◆ YOUR GOAL ◆
Below is a listing with pictures in it; transcribe exactly the lines from the one that has "Newly installed Bishop" through the one that has "thumbnail image 1", and omit those pictures.

***** RECORDS SHOWN *****

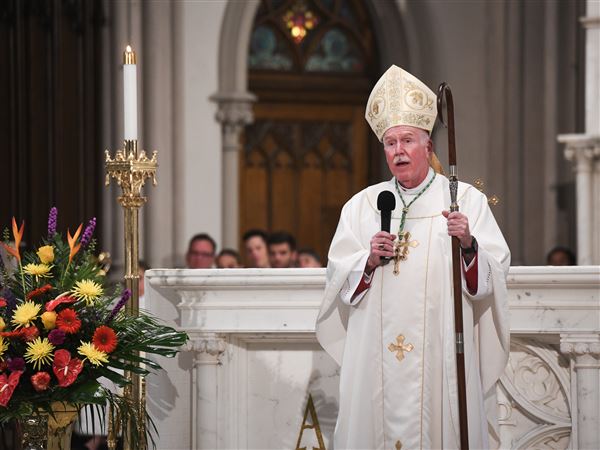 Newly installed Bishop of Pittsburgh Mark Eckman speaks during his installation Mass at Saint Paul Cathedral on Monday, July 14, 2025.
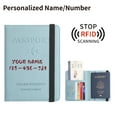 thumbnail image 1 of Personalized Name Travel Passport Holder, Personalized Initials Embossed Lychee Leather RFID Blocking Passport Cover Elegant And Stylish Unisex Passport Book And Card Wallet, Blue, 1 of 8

*****
***** RECORDS SHOWN *****

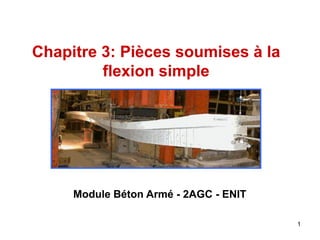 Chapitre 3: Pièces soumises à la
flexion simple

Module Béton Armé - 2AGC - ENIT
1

*****
***** RECORDS SHOWN *****

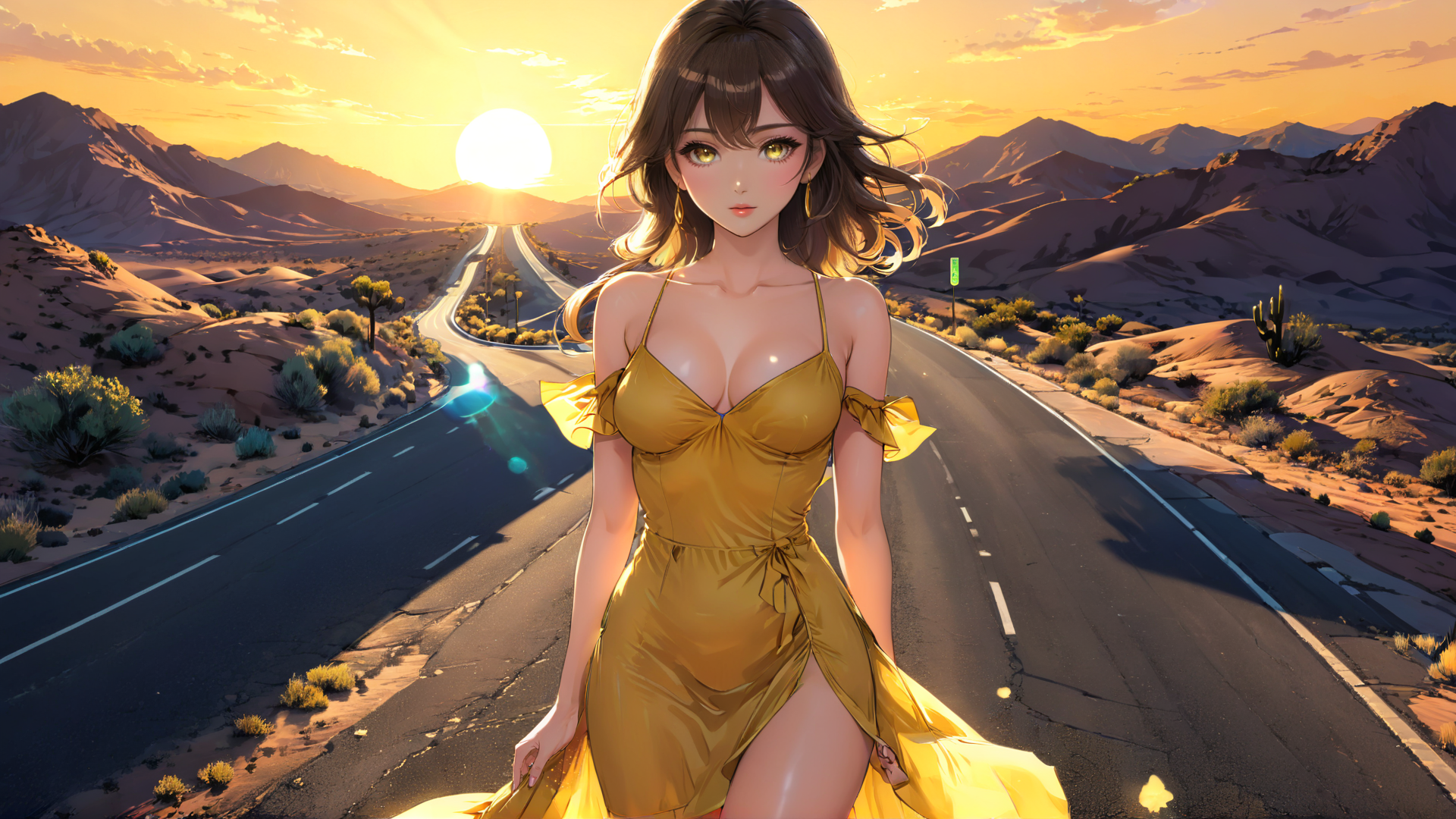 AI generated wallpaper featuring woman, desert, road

*****

◆ SOLUTION ◆
 Newly installed Bishop of Pittsburgh Mark Eckman speaks during his installation Mass at Saint Paul Cathedral on Monday, July 14, 2025.
 thumbnail image 1 of Personalized Name Travel Passport Holder, Personalized Initials Embossed Lychee Leather RFID Blocking Passport Cover Elegant And Stylish Unisex Passport Book And Card Wallet, Blue, 1 of 8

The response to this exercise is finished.